--- Provided data ---
▬▬▬▬▬▬
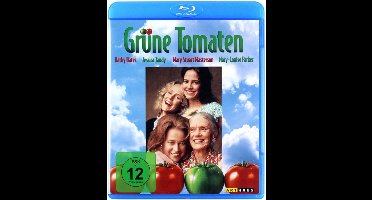 PLAION 1076451 film en Video Blu-ray Duits, Engels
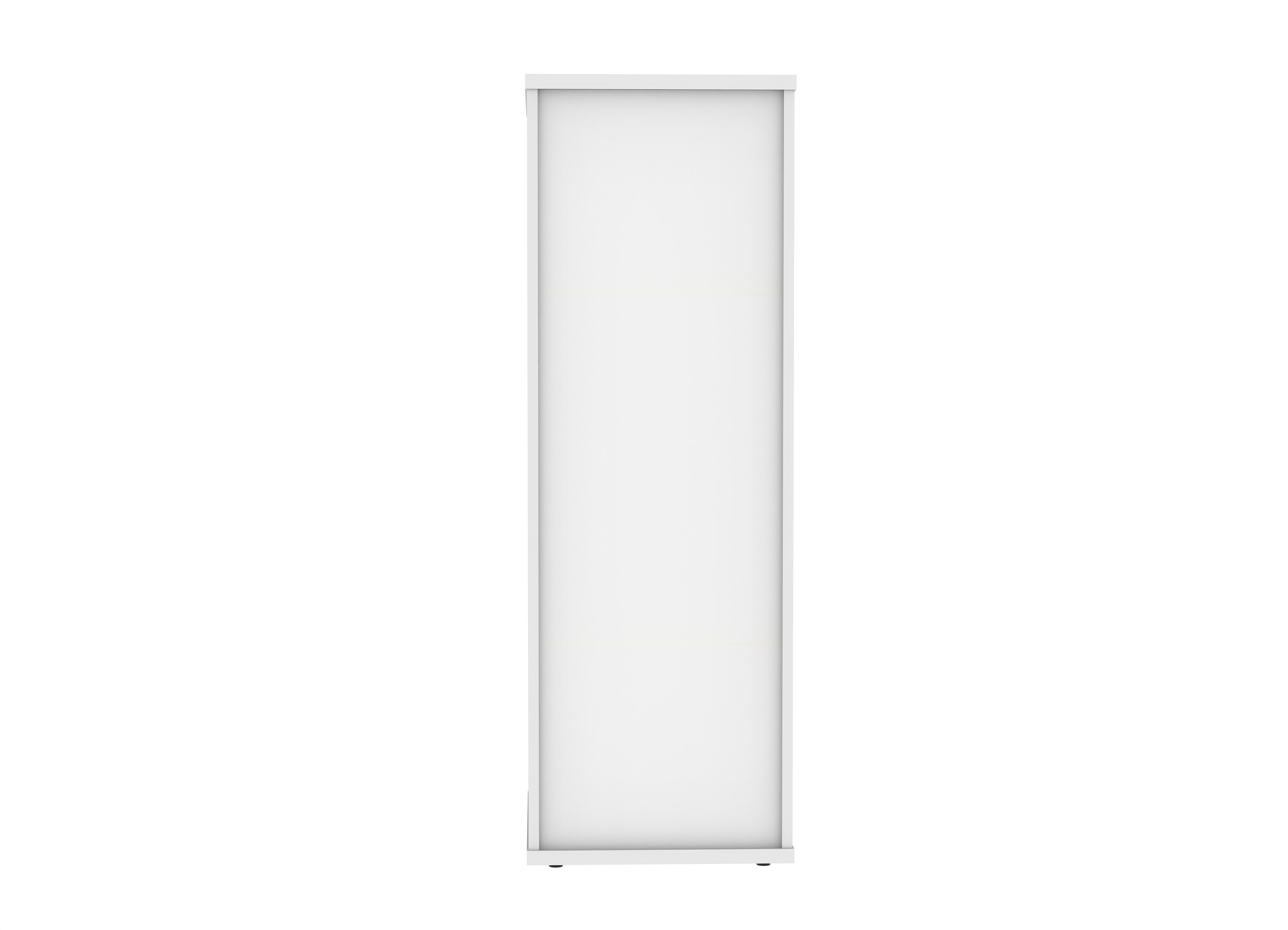 Filing Cabinet Office Storage Unit (FSC) thumbnail 5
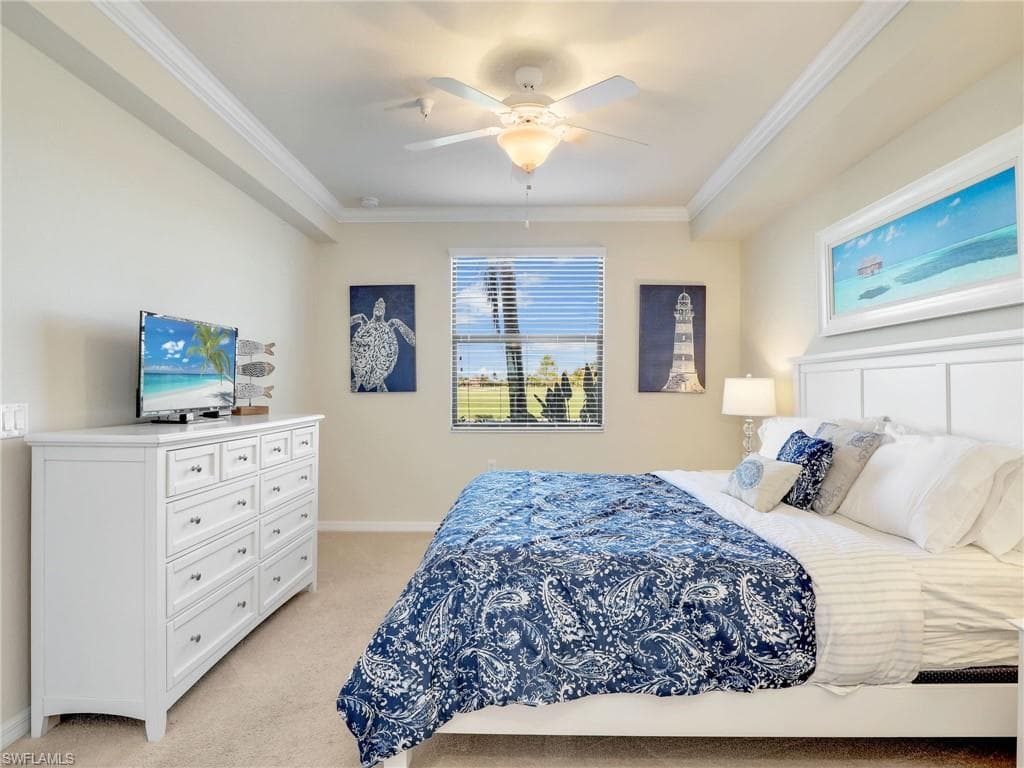17961 Bonita National Blvd 514, Bonita Springs, FL 34135-17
▬▬▬▬▬▬
--- Work instruction ---
As you output the material, omit the pictures but alter nothing else.

--- Result of the exercise ---
 PLAION 1076451 film en Video Blu-ray Duits, Engels
 Filing Cabinet Office Storage Unit (FSC) thumbnail 5
17961 Bonita National Blvd 514, Bonita Springs, FL 34135-17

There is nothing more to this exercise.